To facilitate this, Leah is pretty nimble. You have a dash that can propel you into a sprint, the ability to slide down steep inclines, a triple jump, and a wall-run that works on ceilings too – as long as you hold your momentum. Hitting an enemy in midair will restore one of your jumps, while ground-slamming into glowing sections on ramps will catapult Leah forward at insane speeds, allowing for massive jumps.

While it sounds straightforward, in motion Eden Genesis is anything but. Like Ghostrunner, the emphasis is on getting to grips with all of Leah’s abilities and learning to chain them with precise timing and positioning, which is incredibly hard to do at speed. You can restart any room by holding LB on a controller, which you’ll often do when you miss a jump and have already killed the enemy that would have given you an extra boost, or you realise you’re falling behind the target time. You can follow a ghost of yourself on any stages you’ve already completed, or even download the ghosts of other players.

My biggest issue with Eden Genesis is how fast you’re expected to pack all this information in. Powers aren’t earned gradually; instead, Leah has them all handed to her at the start, so there’s no steady increase in moves and abilities. You have to learn to use them all together in challenges that often require you to hit at least an S-Rank in order to earn enough currency to move to the next area.

Eden Genesis

As a result, the learning curve feels steep and punishing. There’s a certain amount of payoff when you nail a room perfectly, but this is likely to be a rare occurrence for most people as perfecting a run takes a lot of effort, memory, and precision. Thankfully, most challenges are short and all are repeatable, so the onus is on retrying and perfecting each one.

Outside the challenges themselves is Eden, a sprawling city filled with the usual genre conventions: neon lights, glitzy fast-food vendors, and loitering civilians. It’s also packed to the gills with references to other IPs, from Sea of Stars and The Matrix to Akira (particularly the motorcycle you can unlock which facilitates fast travel between districts).

It’s also a beautiful game. Leah is animated with heaps of personality, the environments are gorgeous if not overly original, and the level design is, crucially, millimetre perfect. The soundtrack is superb, too. It may be fairly standard for the genre, but every track hits the target.
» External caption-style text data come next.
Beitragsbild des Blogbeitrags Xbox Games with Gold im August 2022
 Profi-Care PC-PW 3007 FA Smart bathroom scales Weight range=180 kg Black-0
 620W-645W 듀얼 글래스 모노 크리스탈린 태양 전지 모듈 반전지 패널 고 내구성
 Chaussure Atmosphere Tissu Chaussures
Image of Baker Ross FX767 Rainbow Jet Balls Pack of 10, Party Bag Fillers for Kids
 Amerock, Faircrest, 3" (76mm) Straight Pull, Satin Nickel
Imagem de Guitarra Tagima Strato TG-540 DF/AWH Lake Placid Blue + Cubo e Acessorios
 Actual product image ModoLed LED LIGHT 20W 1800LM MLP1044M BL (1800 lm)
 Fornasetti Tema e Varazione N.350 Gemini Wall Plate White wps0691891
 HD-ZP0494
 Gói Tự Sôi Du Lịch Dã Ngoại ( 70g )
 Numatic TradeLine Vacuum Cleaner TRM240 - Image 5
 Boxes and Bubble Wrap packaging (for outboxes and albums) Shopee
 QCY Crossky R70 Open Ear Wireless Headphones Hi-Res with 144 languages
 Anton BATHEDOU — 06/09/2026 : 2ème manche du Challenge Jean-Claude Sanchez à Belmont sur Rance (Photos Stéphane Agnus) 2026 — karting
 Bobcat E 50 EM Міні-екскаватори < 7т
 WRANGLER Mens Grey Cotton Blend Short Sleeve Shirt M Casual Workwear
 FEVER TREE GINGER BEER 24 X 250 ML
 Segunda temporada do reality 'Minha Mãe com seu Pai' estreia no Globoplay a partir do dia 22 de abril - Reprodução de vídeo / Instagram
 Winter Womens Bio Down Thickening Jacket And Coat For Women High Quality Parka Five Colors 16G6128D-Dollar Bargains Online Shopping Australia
However, Leah herself began to grate on me fairly quickly, spitting inane witticisms at everything and responding to pretty much any stimulus with either disinterested sarcasm or unfounded venom.

Eden Genesis

I also found that I just couldn’t play Eden Genesis for long periods. There’s a samey-ness to the mechanics that isn’t diluted much by the variety of the actual levels, and I found a lot of the difficulty too frustrating to get fully onboard with. After a while I realised I was pushing myself to only get the bare minimum grades to keep progressing and rarely wanted to go back and mop up. Though I will say that it’s the perfect game for the Steam Deck, running buttery smooth on my standard unit.

Eden Genesis is a game for the hardcore gamer. Like Ghostrunner, it requires a total mastery of its systems and mechanics to get the most out of it, and while that is rewarding in and of itself, I just didn’t really care enough about Leah or her world to want to keep banging my head against the difficulty wall. Your mileage will certainly vary by skill level and patience, so you may get more from it than I did, but either way, Eden Genesis demands you either bring your A-game or stay at home.

Positives

Looks great
Slick movement and combat
So many easter eggs

Negatives

Steep learning curve
Leah is a tad annoying

Editor Rating
 
Our Score
8.0

SCORE OUT OF TEN
8.0


In Short
 

Eden Genesis is a game for the hardcore gamer, and requires a total mastery of its systems and mechanics to get the most out of it.